Modern basketball continues to push the limits on fast-paced, 3-point-heavy play at all levels of competition.
So how is Holy Cross, one of the slowest women’s basketball teams in the country, having one of its best seasons in decades?
The Crusaders are 14-3, their hottest start since 1996-97, and have stormed to a 6-0 record in Patriot League play. Yet according to data from CBB Analytics, they have the 342nd-ranked pace in the nation out of 361 Division 1 teams. Since conference play began, Holy Cross has averaged just 61.5 possessions per 40 minutes, the seventh-slowest pace nationwide.
But the offense remains productive, and with a high-end defense backing them, the Crusaders have played a successful brand of methodical basketball.
“It feels really good to be able to get out there and kind of just play, and just see who happens to step up and have a good scoring game,” said sophomore forward Lindsay Berger. “It’s a fun way to play basketball, for sure.”
Holy Cross lost Avery LaBarbera, the 2021-22 Patriot League Player of the Year, to Wisconsin in the grad transfer portal. Her departure left the Crusaders without a go-to scorer. Instead of one person stepping up, the rest of the team has adapted.
Coach Maureen Magarity implemented more of a free-flowing offensive style when she took over last season and has stuck with it. Holy Cross doesn’t run many sets; the players rely on each other to keep the ball moving and stay active spacing the floor. A well-oiled motion offense can be harder to scout and find weaknesses in.
“It’s just a fun offense to play when you have the right players,” Magarity said. “Obviously, my staff has done a great job recruiting the right pieces that can play in that system. You have to be able to have players with a pretty high IQ, too, to run that offense, or it can get super stagnant and [have] a lot of standing around.”
Magarity says she developed her offensive style with influence from her playing career as a 6-foot-1-inch forward at Marist. She also learned from her father, former Army coach Dave Magarity, who often ran offenses through dominant post players.
Berger, a post player herself, has broken out with Janelle Allen in Magarity’s offense. The 6-2 forward played 6.8 minutes per game last season, but this year, after switching to a high-minutes bench role, she is third on the team in scoring (9.5 points) and fourth in the Patriot League with a 52.2 percent field goal clip.
“Last year, I heard a lot of, ‘Your hard work will pay off. Someday, you’re going to look back on this and you’re going to be so thankful for doing all the work,’ ” Berger said. “I think that, especially this preseason, it showed. So it was very rewarding to say the least.”
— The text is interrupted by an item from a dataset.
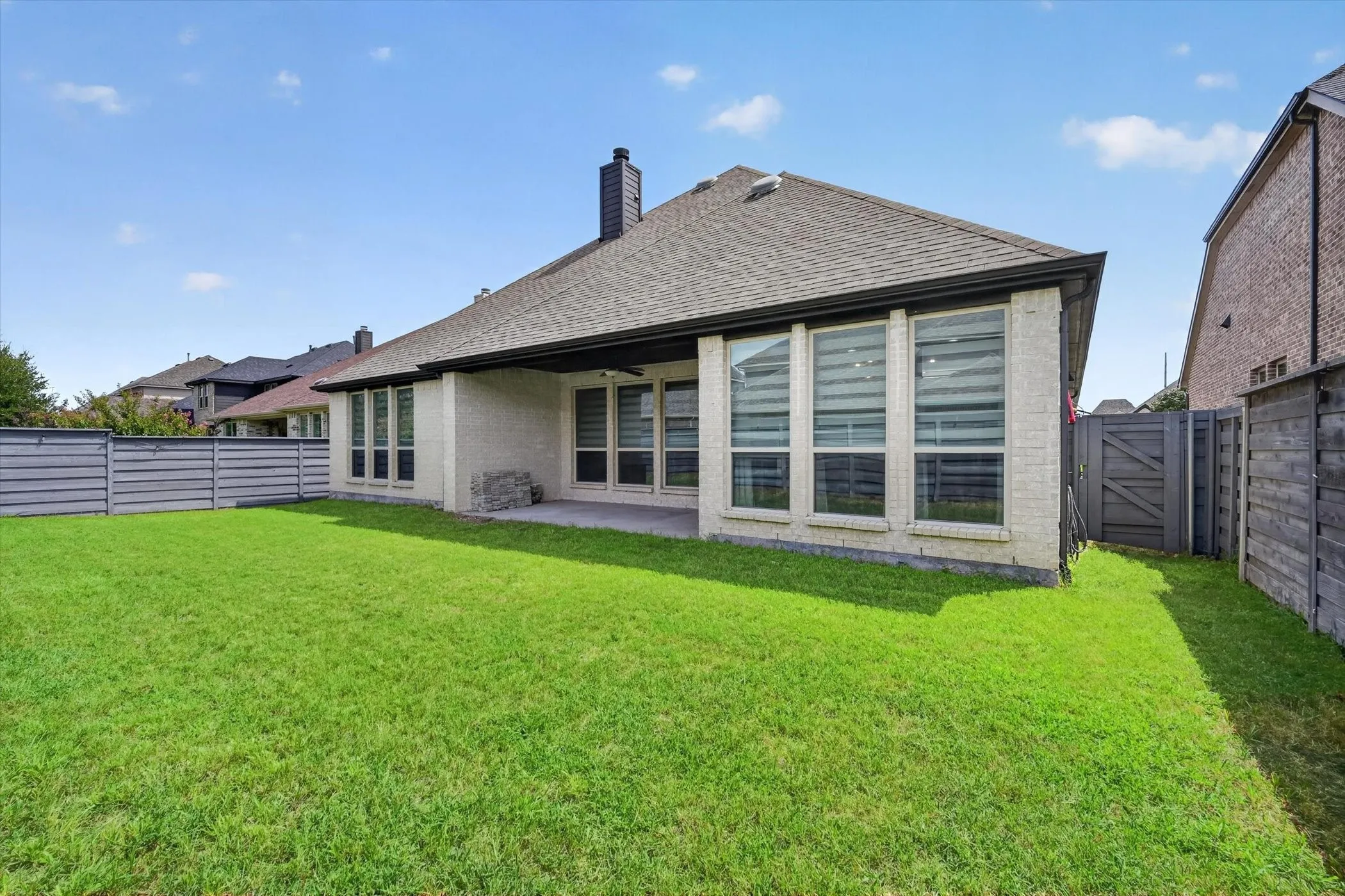 Expansive green lawn with a privacy fence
During her time as a reserve, said Berger, she strived to improve her strength and passing out of the post. The latter has been particularly valuable this season with Holy Cross’s roster of versatile cutters and shooters.
“In our main offense, it’s normally the post players towards the top of the key towards the elbow,” said Berger, “so it’s more getting the ball at the elbow, turning around and facing the basket, looking for yourself first, but then also knowing who’s cutting where, and where the shooter is on the team.”
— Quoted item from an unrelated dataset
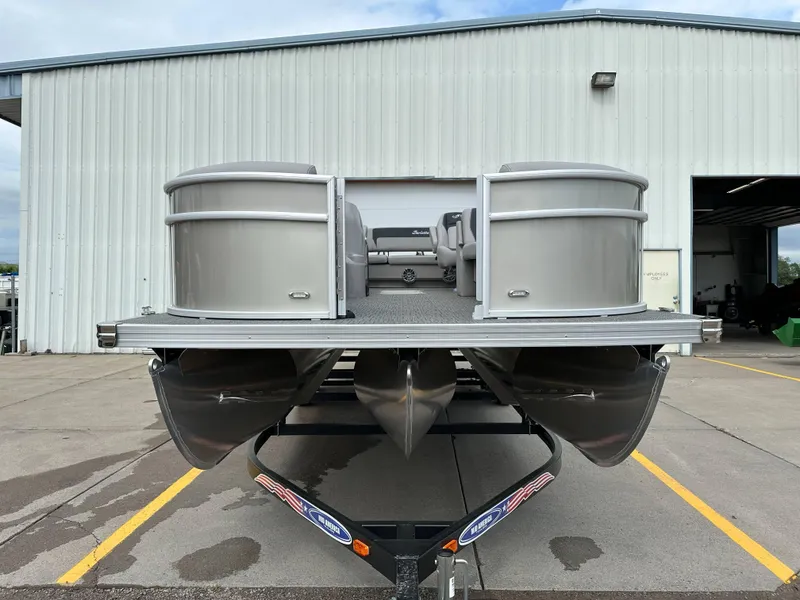 Slide: The Image of 2025 Barletta Aria 24UC pontoon boat parked outside a warehouse. - 7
Of course, a league-best defense remains the backbone of the scorching start. The Crusaders rank ninth in the nation, allowing just 52.5 points per game, and they won a battle of defense-first vs. offense-first when they beat high-octane conference rival Lehigh, 66-64, last Wednesday.
“I mean, gosh, I’ve watched games with Lehigh where they just take a shot two seconds into the shot clock and score 90-plus points,” said Magarity. “So I am really, really proud of that.”
Holy Cross still battles occasional lulls in its offense when a player needs to step up late in the shot clock and get a bucket. But with so many options, the Crusaders have been steady as they power past league foes.
“Out of our main offense, there’s like a million and one different things that we could do,” Berger said. “The opportunities are endless for this team, and it’s so exciting.”